> Task description: Across the listing, how many lines contain "Road"? The reply is the number alone.

- - - - -

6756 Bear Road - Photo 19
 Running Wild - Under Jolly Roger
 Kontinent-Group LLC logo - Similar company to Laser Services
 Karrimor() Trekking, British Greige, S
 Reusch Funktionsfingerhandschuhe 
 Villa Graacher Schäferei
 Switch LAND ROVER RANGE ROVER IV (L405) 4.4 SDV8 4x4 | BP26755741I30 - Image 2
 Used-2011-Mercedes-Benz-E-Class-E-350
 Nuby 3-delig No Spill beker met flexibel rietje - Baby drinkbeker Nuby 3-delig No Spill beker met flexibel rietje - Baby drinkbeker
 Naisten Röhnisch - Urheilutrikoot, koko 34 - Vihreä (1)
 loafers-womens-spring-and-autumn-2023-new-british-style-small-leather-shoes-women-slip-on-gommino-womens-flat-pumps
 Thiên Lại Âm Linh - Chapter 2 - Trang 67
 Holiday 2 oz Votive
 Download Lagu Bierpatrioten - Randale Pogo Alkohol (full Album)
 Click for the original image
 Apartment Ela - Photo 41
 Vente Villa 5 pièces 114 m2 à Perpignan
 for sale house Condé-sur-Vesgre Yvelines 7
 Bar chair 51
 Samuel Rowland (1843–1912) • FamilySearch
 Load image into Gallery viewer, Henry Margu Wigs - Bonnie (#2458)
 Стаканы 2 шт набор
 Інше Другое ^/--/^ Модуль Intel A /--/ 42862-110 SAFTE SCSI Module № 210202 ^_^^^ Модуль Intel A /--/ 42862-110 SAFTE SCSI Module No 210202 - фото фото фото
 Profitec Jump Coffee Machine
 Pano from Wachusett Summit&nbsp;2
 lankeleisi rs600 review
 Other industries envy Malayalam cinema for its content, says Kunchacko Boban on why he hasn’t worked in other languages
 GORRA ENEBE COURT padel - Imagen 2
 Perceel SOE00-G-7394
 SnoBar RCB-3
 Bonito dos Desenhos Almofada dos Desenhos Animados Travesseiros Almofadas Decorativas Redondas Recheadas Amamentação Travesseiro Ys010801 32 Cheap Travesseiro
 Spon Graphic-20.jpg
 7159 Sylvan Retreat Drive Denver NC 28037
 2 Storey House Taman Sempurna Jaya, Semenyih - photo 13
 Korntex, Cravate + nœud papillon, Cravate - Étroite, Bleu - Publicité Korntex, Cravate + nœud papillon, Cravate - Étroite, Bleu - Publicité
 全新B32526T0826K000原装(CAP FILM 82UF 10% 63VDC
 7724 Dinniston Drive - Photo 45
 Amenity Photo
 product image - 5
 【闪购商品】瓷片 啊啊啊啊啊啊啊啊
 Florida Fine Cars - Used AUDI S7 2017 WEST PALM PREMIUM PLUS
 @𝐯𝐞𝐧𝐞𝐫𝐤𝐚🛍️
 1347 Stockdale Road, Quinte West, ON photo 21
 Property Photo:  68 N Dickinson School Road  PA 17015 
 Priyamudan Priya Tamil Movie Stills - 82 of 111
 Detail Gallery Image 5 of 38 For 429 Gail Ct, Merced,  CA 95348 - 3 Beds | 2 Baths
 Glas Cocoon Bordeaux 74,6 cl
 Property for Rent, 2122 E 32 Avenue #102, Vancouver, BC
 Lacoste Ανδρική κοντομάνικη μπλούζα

- - - - -

> Response below: 3